- Opening Delimiter -
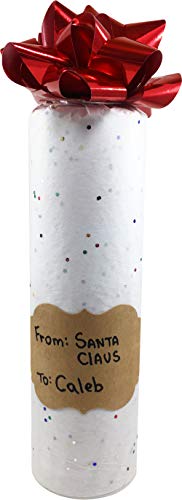 Kraft Natural Marrón Etiquetas de Regalo, 51 x 76 mm 2 x 3 Pulgadas Etiquetas de Regalos 100 Paquete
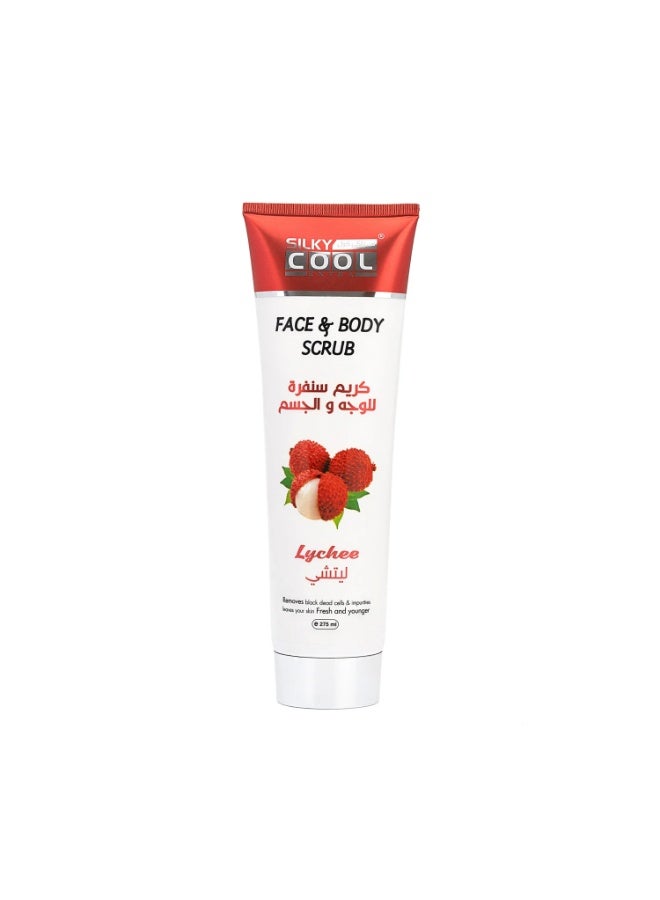 Face Body Scrub Lychee 275ml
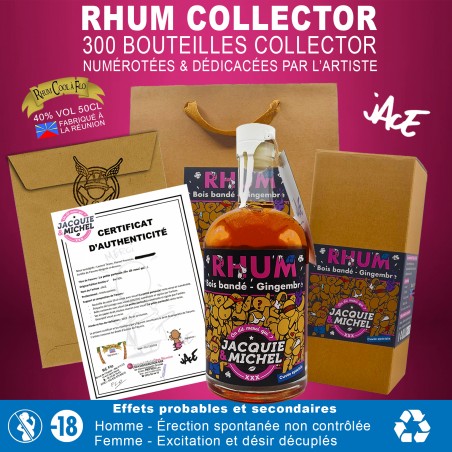 Jacquie&Michel - Rhum Bois Bandé Gingembre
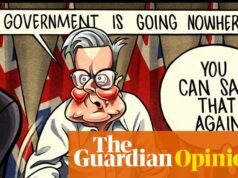 Ben Jennings sobre Keir Starmer y las luchas internas del Partido Laborista – caricatura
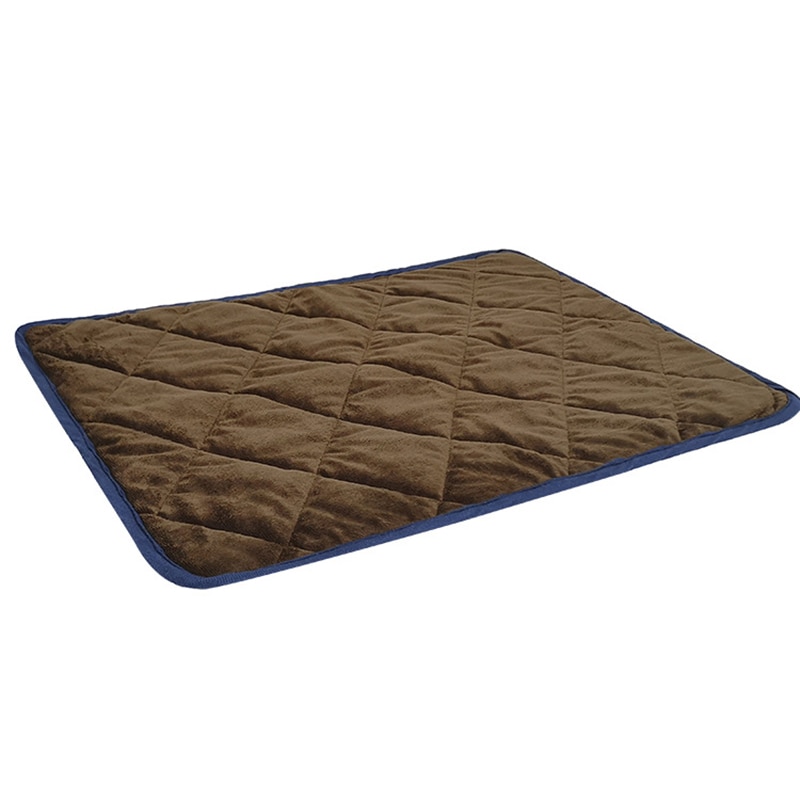 Tapis auto-chauffant pour animaux de compagnie, coussin thermique pour chien et chat, rembourrage polaire doux et confortable, accessoires pour animaux de compagnie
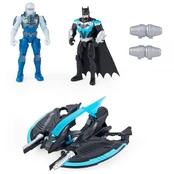 Spin Master Batman - Batwing Vehicle with 10 cm Figures (6063041) kaina
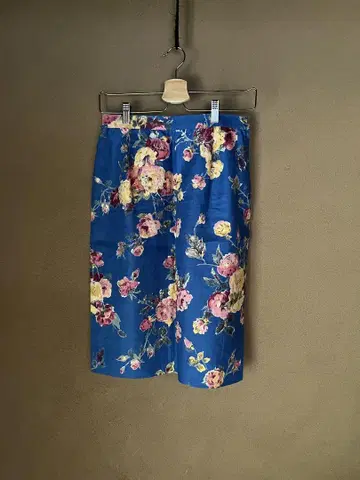 ungaro 꽃무늬 미디 스커트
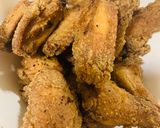 A picture of step 5 of Garlic Honey Glazed Wings.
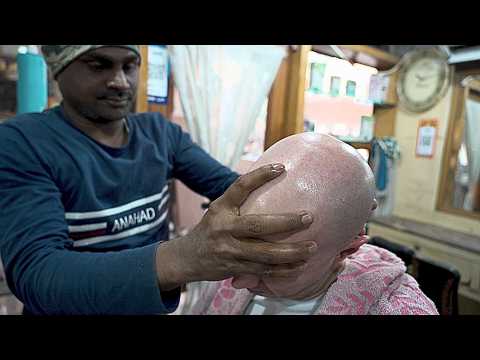 My Bald Head Became a MAGIC ORB?! 🧙‍♂️✨ ASMR Massage Unlocks Hidden Power!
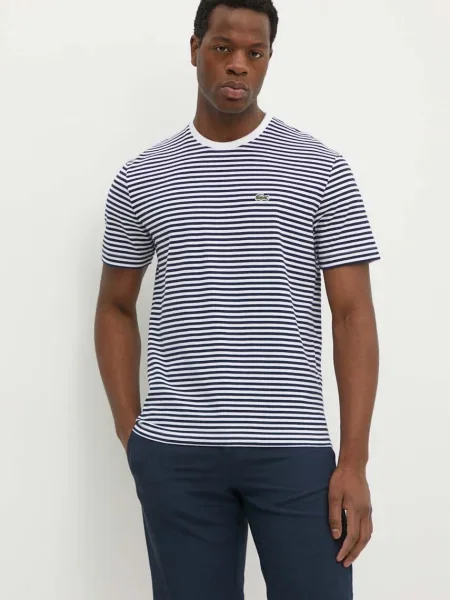 Lacoste Póló Regular Fit sötétkék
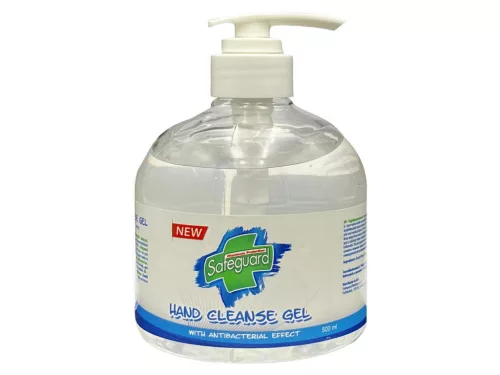 Safeguard Antibakteriális Kéztisztító Gél 500ml - PUMPÁS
- Closing Delimiter -
Output the material above word for word. Leave out its images.

*OUTPUT OF THE EXERCISE*
 Kraft Natural Marrón Etiquetas de Regalo, 51 x 76 mm 2 x 3 Pulgadas Etiquetas de Regalos 100 Paquete
 Face Body Scrub Lychee 275ml
 Jacquie&Michel - Rhum Bois Bandé Gingembre
 Ben Jennings sobre Keir Starmer y las luchas internas del Partido Laborista – caricatura
 Tapis auto-chauffant pour animaux de compagnie, coussin thermique pour chien et chat, rembourrage polaire doux et confortable, accessoires pour animaux de compagnie
 Spin Master Batman - Batwing Vehicle with 10 cm Figures (6063041) kaina
 ungaro 꽃무늬 미디 스커트
 A picture of step 5 of Garlic Honey Glazed Wings.
 My Bald Head Became a MAGIC ORB?! 🧙‍♂️✨ ASMR Massage Unlocks Hidden Power!
 Lacoste Póló Regular Fit sötétkék
 Safeguard Antibakteriális Kéztisztító Gél 500ml - PUMPÁS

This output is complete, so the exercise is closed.